IRÃ DIZ QUE PROPOSTAS DE PAZ DOS EUA SÃO 'IRREALISTAS'
O Irã classifica a proposta de Washington para finalizar a guerra entre os dois países é "fora da realidade e excessiva". O país também denunciou o aumento de militares norte-americanos na região. "O inimigo envia publicamente mensagens de negociação e diálogo, enquanto planeja secretamente uma ofensiva terrestre". Nossos homens aguardam a chegada dos soldados americanos ao terreno para atacá-los e punir de uma vez por todas seus aliados regionais", ameaçou o presidente do Parlamento iraniano, Mohammad Bagher Ghalibaf.

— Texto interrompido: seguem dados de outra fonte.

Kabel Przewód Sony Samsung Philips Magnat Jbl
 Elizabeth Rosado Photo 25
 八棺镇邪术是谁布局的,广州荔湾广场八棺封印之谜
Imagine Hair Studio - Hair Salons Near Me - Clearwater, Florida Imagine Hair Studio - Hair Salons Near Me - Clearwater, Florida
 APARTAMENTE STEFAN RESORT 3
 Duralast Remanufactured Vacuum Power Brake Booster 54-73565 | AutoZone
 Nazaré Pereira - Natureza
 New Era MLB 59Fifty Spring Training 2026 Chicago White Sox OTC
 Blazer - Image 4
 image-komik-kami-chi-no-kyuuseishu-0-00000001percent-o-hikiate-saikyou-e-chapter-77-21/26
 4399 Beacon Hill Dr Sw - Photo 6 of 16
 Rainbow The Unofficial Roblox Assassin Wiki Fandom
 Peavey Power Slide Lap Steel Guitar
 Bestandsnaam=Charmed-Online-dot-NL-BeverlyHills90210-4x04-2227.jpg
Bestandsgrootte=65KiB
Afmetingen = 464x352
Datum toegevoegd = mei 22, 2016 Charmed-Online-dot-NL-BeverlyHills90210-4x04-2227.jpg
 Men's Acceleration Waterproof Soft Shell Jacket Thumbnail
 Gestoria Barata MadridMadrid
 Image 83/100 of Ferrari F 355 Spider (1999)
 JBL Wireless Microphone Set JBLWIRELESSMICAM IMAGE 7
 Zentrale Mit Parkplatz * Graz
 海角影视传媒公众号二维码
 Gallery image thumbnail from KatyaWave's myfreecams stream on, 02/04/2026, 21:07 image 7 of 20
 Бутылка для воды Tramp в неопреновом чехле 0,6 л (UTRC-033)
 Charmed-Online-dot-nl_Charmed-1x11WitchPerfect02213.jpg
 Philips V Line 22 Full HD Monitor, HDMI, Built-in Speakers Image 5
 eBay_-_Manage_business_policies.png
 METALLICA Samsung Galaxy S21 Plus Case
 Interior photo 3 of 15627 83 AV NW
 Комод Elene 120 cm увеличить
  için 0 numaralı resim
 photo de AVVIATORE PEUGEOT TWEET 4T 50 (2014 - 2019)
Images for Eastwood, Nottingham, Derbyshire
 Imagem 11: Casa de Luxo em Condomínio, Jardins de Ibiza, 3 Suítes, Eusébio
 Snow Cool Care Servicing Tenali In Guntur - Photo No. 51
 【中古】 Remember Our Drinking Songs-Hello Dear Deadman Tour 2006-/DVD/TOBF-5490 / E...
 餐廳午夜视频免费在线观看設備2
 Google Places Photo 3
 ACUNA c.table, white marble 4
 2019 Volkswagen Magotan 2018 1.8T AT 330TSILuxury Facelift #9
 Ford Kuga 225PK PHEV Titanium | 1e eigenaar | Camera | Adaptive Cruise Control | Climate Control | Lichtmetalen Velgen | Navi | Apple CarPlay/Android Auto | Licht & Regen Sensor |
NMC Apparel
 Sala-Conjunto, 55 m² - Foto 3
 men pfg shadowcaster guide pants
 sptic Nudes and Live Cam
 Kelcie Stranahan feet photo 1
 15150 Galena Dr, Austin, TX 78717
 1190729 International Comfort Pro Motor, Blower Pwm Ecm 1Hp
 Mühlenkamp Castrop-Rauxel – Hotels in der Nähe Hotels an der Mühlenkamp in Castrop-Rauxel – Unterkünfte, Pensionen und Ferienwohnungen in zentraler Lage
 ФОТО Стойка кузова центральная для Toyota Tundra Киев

Teerã diz que recebeu mensagens por meio de intermediários indicando a disposição de Washington em negociar. Isso ocorreu após uma reunião dos ministros das Relações Exteriores de Paquistão, Egito, Arábia Saudita e Turquia em Islamabad, no domingo, para discutir os esforços de mediação.
Mas o regime critica as propostas dos EUA. "Nossa posição é clara. Estamos sofrendo uma agressão militar. Portanto, todos os nossos esforços e forças estão concentrados em nos defender", afirmou o porta-voz do Ministério das Relações Exteriores do Irã, Esmaeil Baghaei.
Enquanto isso, uma autoridade de segurança paquistanesa declarou que parecia improvável conversas diretas entre os EUA e o Irã nesta semana. "Estamos fazendo o possível para que isso aconteça o mais cedo possível", acrescentou a fonte em entrevista à Reuters.